§ Dataset content
========
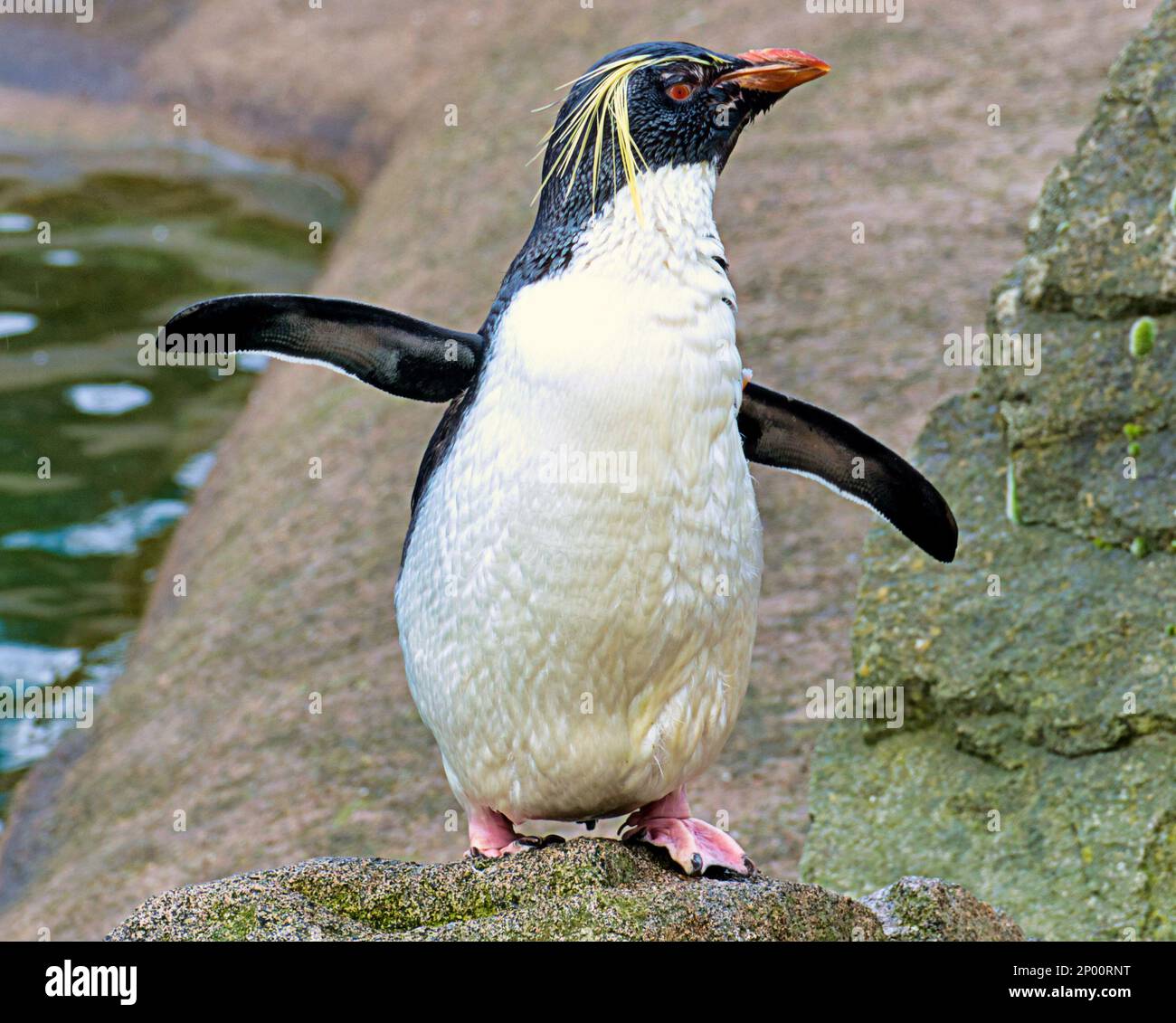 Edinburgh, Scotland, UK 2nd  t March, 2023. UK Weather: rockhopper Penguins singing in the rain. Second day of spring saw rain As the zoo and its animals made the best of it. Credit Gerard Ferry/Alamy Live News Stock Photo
========
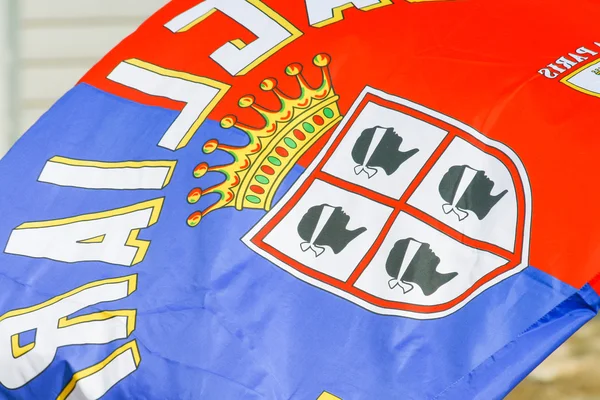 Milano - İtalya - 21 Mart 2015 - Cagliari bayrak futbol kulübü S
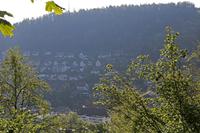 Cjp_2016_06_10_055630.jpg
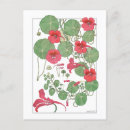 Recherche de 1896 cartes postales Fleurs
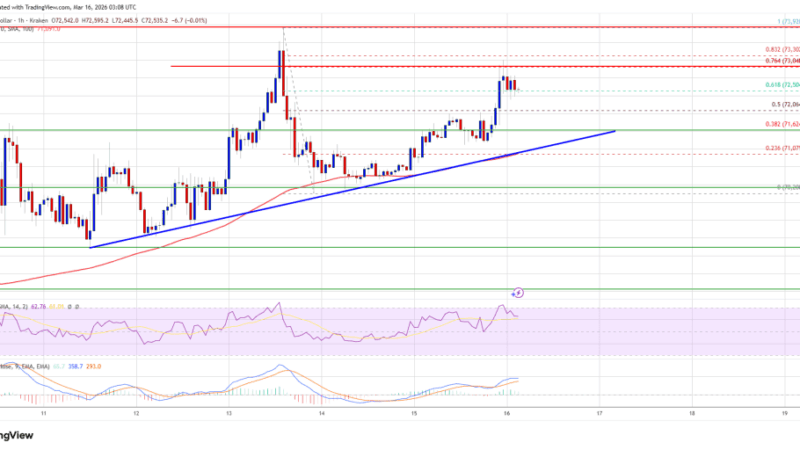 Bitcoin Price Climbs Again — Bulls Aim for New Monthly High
========
§ Work to be completed
Taking the entries above, copy word for word the lines from the one with "Recherche de 1896 cartes postales Fleurs" up to and including the one with "Bitcoin Price Climbs", without any picture.

§ Answer box
 Recherche de 1896 cartes postales Fleurs
 Bitcoin Price Climbs Again — Bulls Aim for New Monthly High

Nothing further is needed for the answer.